Saking melimpahnya, ia tak mempermasalahkan saat istrinya ingin berbelanja, makan enak di restoran enak, hingga memberi hadiah untuk mertua.

Hasanudin yang sempat mengenyam pendidikan di Singapura dan mahir berbahasa Inggris dan mandarin itu juga kerap diutangi sejumlah uang oleh teman-temannya.

Alhasil, uangnya pun perlahan-lahan mulai menipis.

Ia bahkan pernah menumpuk utang hingga Rp3 miliar.

Saat itu konflik pun mulai muncul antara dirinya dengan hingga kemudian memutuskan untuk bercerai.

Hasanudin kemudian mencoba untuk membangun rumah tangganya kembali dengan menikahi seorang wanita.

Sayang, pernikahannya ini juga diwarnai konflik dan kembali kandas hingga kekayaan yang dimiliki Hasanudin habis.

Tak ingin menyerah dengan kehidupannya itu, Hasanudin pun mencoba untuk mencari istri kembali.

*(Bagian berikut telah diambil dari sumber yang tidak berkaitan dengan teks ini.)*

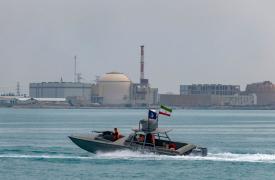 Το άλυτο αίνιγμα των πυρηνικών του Ιράν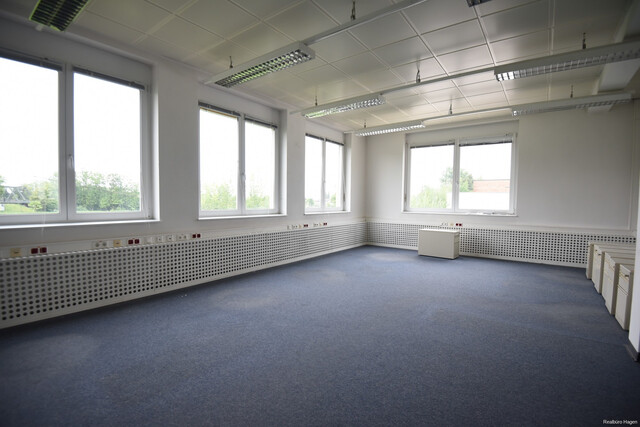 Bürofläche und Lager in Dornbirn, Bildgasse, zu vermieten!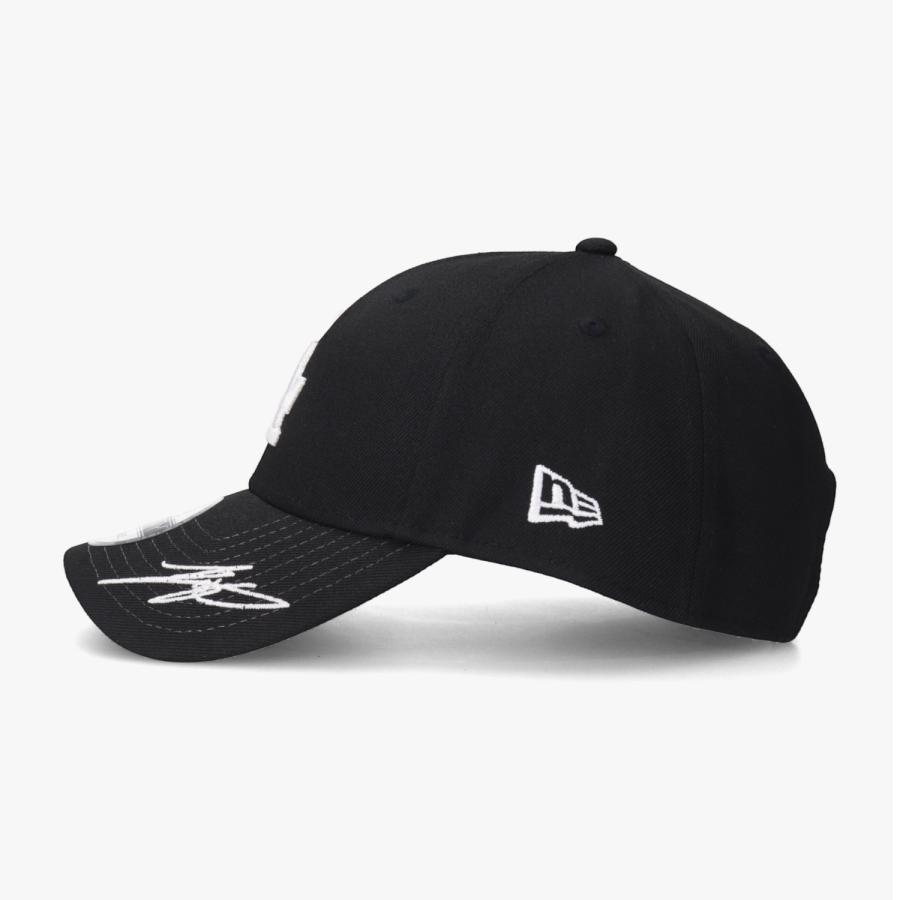 NEW ERA（ニューエラ） キャップ 9FIFTY 正規品 ドジャース メンズ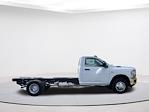 2024 Ram 3500 Regular Cab DRW RWD, Cab Chassis for sale #13R58081 - photo 6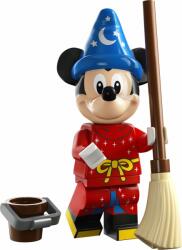 LEGO® Minifigures Disney 100 series 71038 - Sorcerer Mickey (71038-4)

Ia menemukan seorang wanita yang membuat hatinya kembali bergejolak.

Namun wanita tersebut meminta satu syarat bila ingin meminangnya menjadi seorang istri.

Hasanudin diminta untuk jadi mualaf bila ingin menikahi wanita tersebut.

Akhirnya Hasanudin resmi menjadi seorang mualaf di usia 43 tahun.

Ia kemudian merantau ke Sukabumi, Jawa Barat, dan memulai hidup baru dengan sang istri.

Di sana ia kembali memulai hidupnya yang baru dan mencoba melupakan masa lalunya.

Kehidupan jadi mualaf membuatnya menjadi pribadi yang selalu bersyukur bahkan ada satu momen dimana dirinya selalu mendapatkan pertolongan tak terduga.

Pernah pada suatu ketika, ia dihadapkan kesulitan saat sang anak membeli sepatu dan diharuskan membayar uang sekolah sebanyak Rp 300 ribu.

Saat itu ia hanya pasrah sembari tetap berikhtiar mencari jalan keluar dengan tetap berjualan keliling.

Karena tak kunjung mendapat pembeli, cincau yang ia jual mulai rusak.

Beruntung, ada seseorang yang ingin membeli es cincaunya tersebut.

Hasanudin pun menolak seraya menjelaskan bahwa barang dagangannya itu telah rusak dan tidak layak konsumsi.

Sang pembeli pun tetap membeli minuman lainnya yang juga dijual oleh Hasanudin yakni es nanas sebanyak dua bungkus seharga Rp 10 ribu.

Tak disangka, sang pembeli kembali memanggil Hasanudin dan memberinya Rp 300 ribu, jumlah yang selama ini dicarinya untuk sang anak.

Ada sebuah kepuasan batin yang membuatnya untuk bersyukur.

“Saya buka uangnya pas Rp300 ribu. Ya Allah saya sedih, Allah itu sering tolong saya. Allah tolong saya, saya jadi ada uang untuk beli sepatu anak saya. Allah tolong saya terus. Dulu saya dapat gaji Rp100 juta, sekarang nilainya dari itu,” ucapnya dalam video tersebut.